■ TASK DESCRIPTION:
What is needed here is an exact printout of the data, with no pictures included.

━━ GIVEN ENTRIES

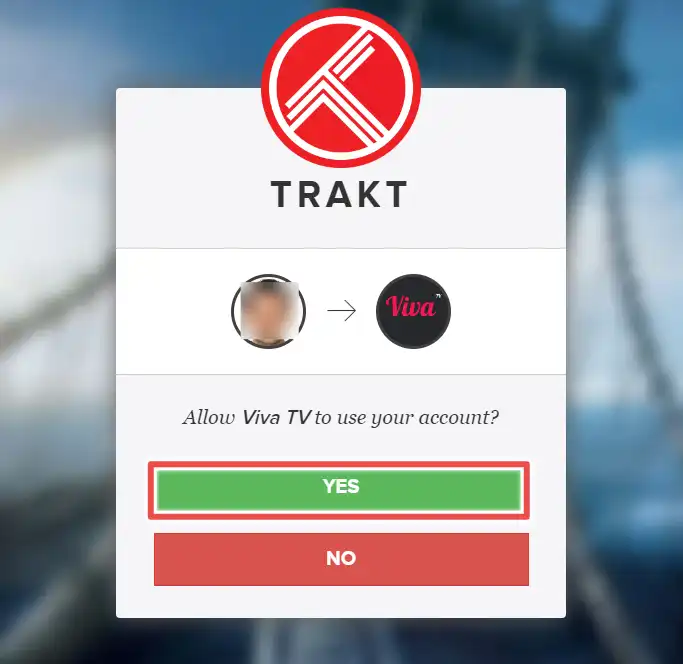 grant viva tv access to trakt.tv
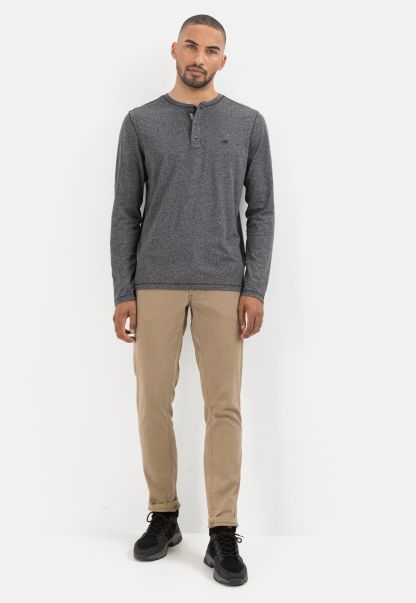 Camel Active Dark Grey Long-Sleeved Henley Shirt In Sustainable Cotton Mix Delicate Menswear T-Shirts & Polos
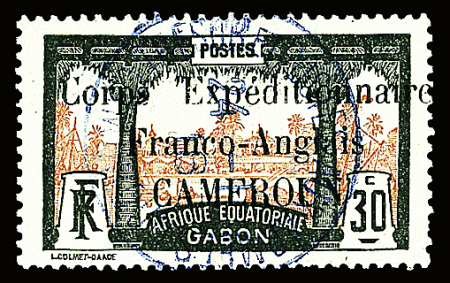 N°45 30c. gris et rouge, belle obl. centrée, TB, R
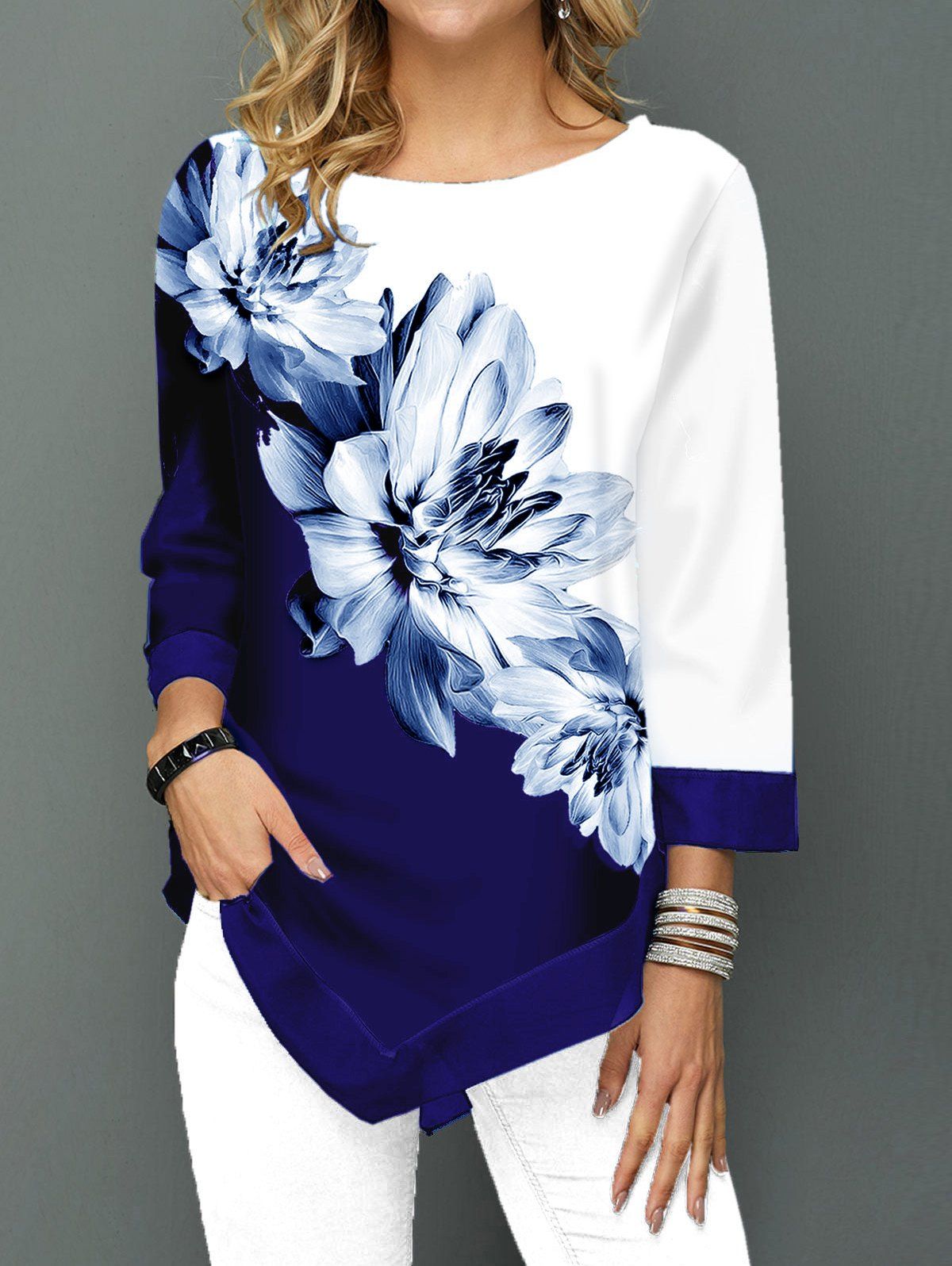 T-shirt Décontracté en Blocs de Couleurs Peinture D'Encre avec Fleur Asymétrique - Bleu XL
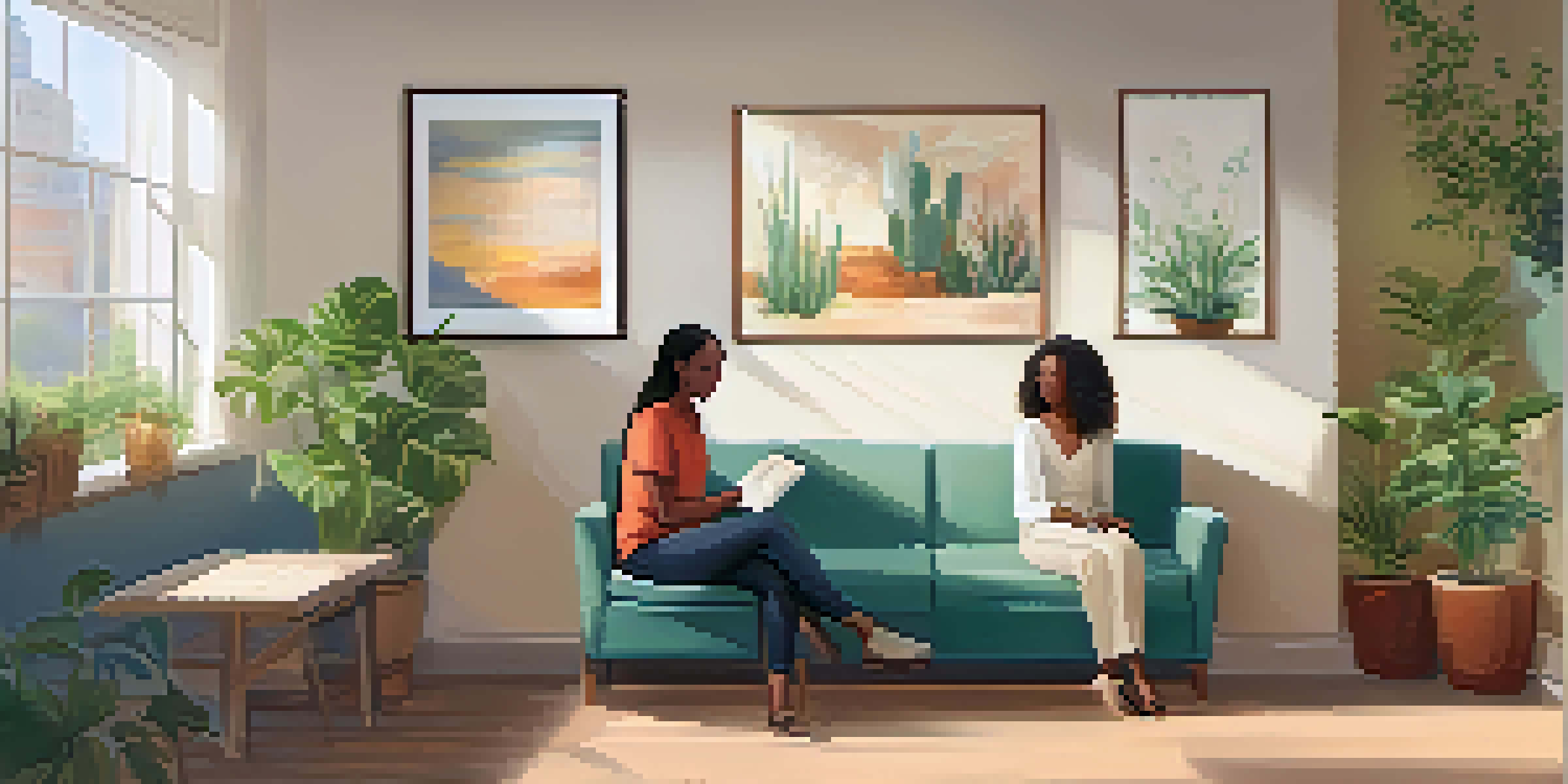A peaceful counseling room with a therapist and a young adult in discussion, surrounded by soft lighting and calming decor.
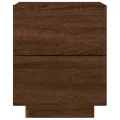 Armoires de chevet et lumières LED 2 pcs chêne marron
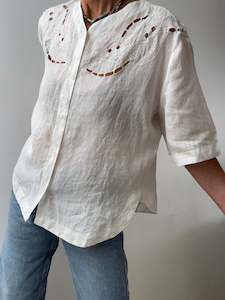 One Off Pieces: Linen Collarless Shirt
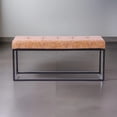 thumbnail image 1 of Heavenly Collection Tan Distressed Leather Bench, Rustic Farmhouse Style, Ideal for Entryway or Bedroom, 1 of 5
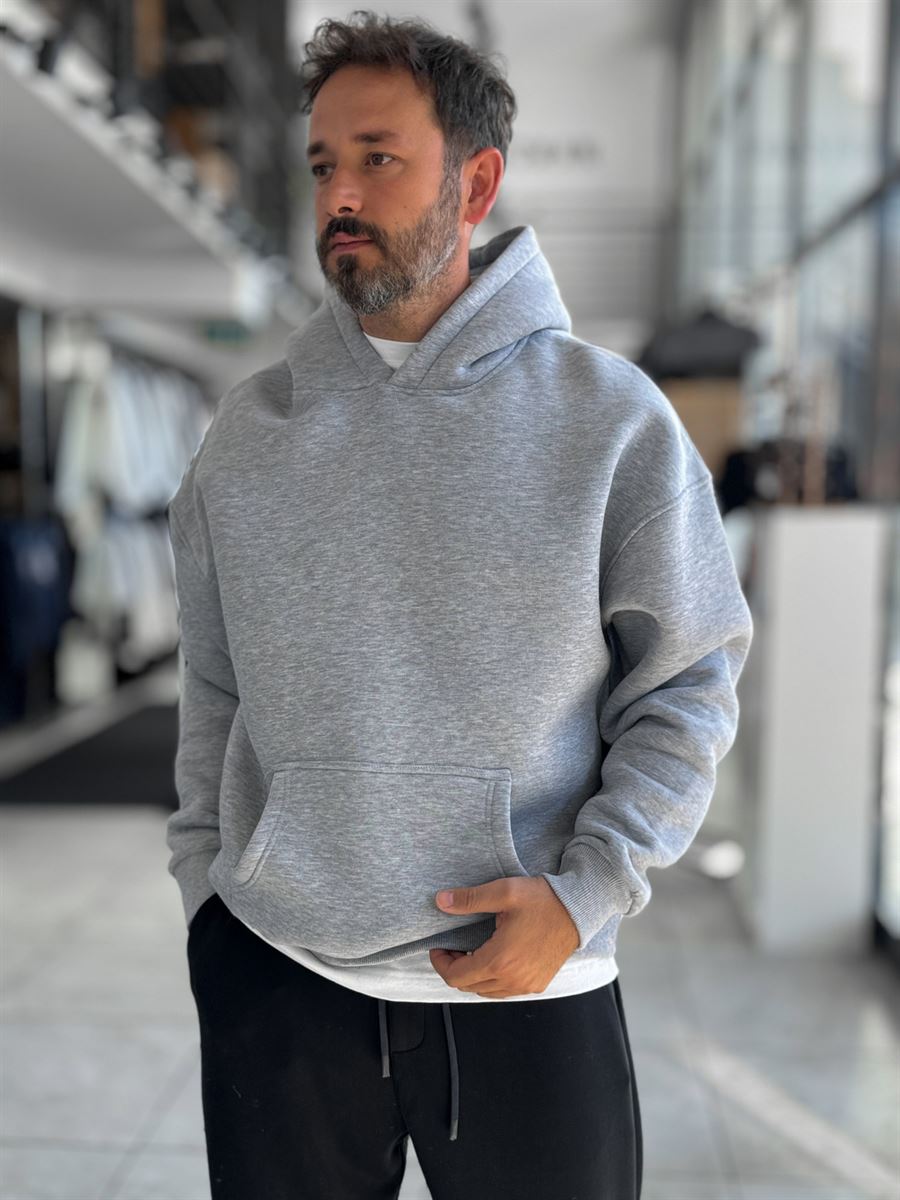 Gray Basic Oversized Hooded Sweatshirt PM-101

━━━━

■ WRITTEN REPLY:
 grant viva tv access to trakt.tv
 Camel Active Dark Grey Long-Sleeved Henley Shirt In Sustainable Cotton Mix Delicate Menswear T-Shirts & Polos
 N°45 30c. gris et rouge, belle obl. centrée, TB, R
 T-shirt Décontracté en Blocs de Couleurs Peinture D'Encre avec Fleur Asymétrique - Bleu XL
A peaceful counseling room with a therapist and a young adult in discussion, surrounded by soft lighting and calming decor.
 Armoires de chevet et lumières LED 2 pcs chêne marron
 One Off Pieces: Linen Collarless Shirt
 thumbnail image 1 of Heavenly Collection Tan Distressed Leather Bench, Rustic Farmhouse Style, Ideal for Entryway or Bedroom, 1 of 5
 Gray Basic Oversized Hooded Sweatshirt PM-101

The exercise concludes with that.